Third, he argues that mental characteristics (I bundle "language use" with these) cannot be used to judge personhood. He argues this from two examples: the fact that the computer program ELIZA has fooled several people into believing it to be human, and the fact that the gorilla Hanabi-Ko, better known as Koko, has been taught sign language. He claims that the former of these as proof that normal tests of intelligence cannot distinguish a non-person from a person, and the latter as a second proof that language use cannot be a test either.
This is the argument that I must defeat to establish my case. It is also his weakest. If Gish believes that we cannot distinguish even a mentally retarded person from either Koko or ELIZA, I submit to you that he must have no idea of how poor their performance seems to be.
For example, consider the transcript of Koko's AIM conversation in 1998 (also available here). A careful reading of it shows Koko at a level of conversational expertise so poor that people have literally done better in their sleep! (Admittedly, an AIM conversation is hardly a scientific test. But claiming primate language use is still controversial, as it would not be if primates could even converse as well as first-graders.) Similarly, any individual seriously dedicated to the goal of testing conversational ability can see through ELIZA easily -- a quick test against any online version (of which there are far more than one available) will show that easily. Still better, the Loebner Prize (a $100,000 award for the first computer to show itself indistinguishable from a human) has been testing AIs for fifteen years, and no computer so far has ever successfully passed for human. Contrary to what Gish argues, intelligence is easy to test, and there are already mechanisms in place to do so.

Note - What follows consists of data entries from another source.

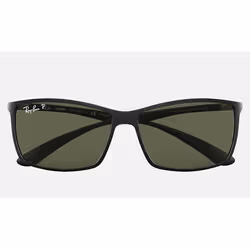 Ray-Ban RB4179 Verres polarisés Verres polarisés Vert Classique G-15 + Noir, Adulte, Unisexe, Rectangulaire, Rectangle, Cercl ...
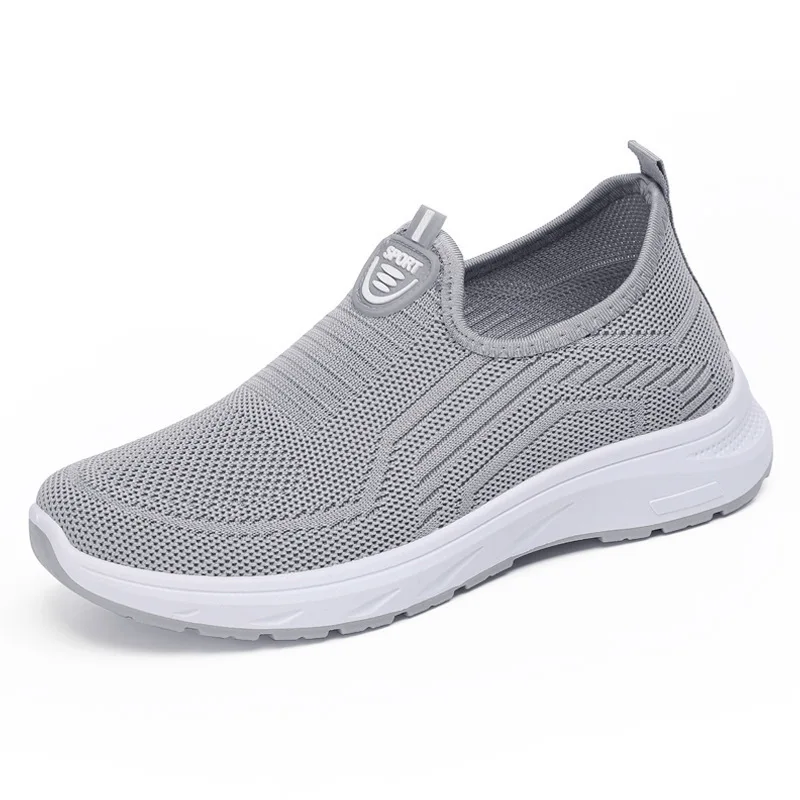 Women Shoes Mesh Casual Shoes Lightweight Slip on Tennis Shoes Fashion Soft Sole Loafers Flats Outdoor Plus Size Women Sneakers - Image 5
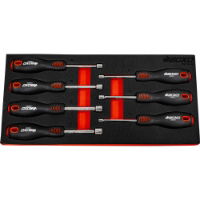 Metric Nut Driver Handle Set - 7 Piece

(While I said he only made three, Gish actually makes one more argument. However, this fourth argument assumes that no valid secular criterion to distinguish personhood can exist. Since his proofs of this all fail, this argument does too.)
To round it up: I believe that most of us, if faced with the problem in the flesh, would grant a transformed human whose intelligence human rights. It is our natural response to such a situation, and there is no reason we should do otherwise. Transformed humans deserve rights. And, if you'll believe me, so do all other intelligent beings.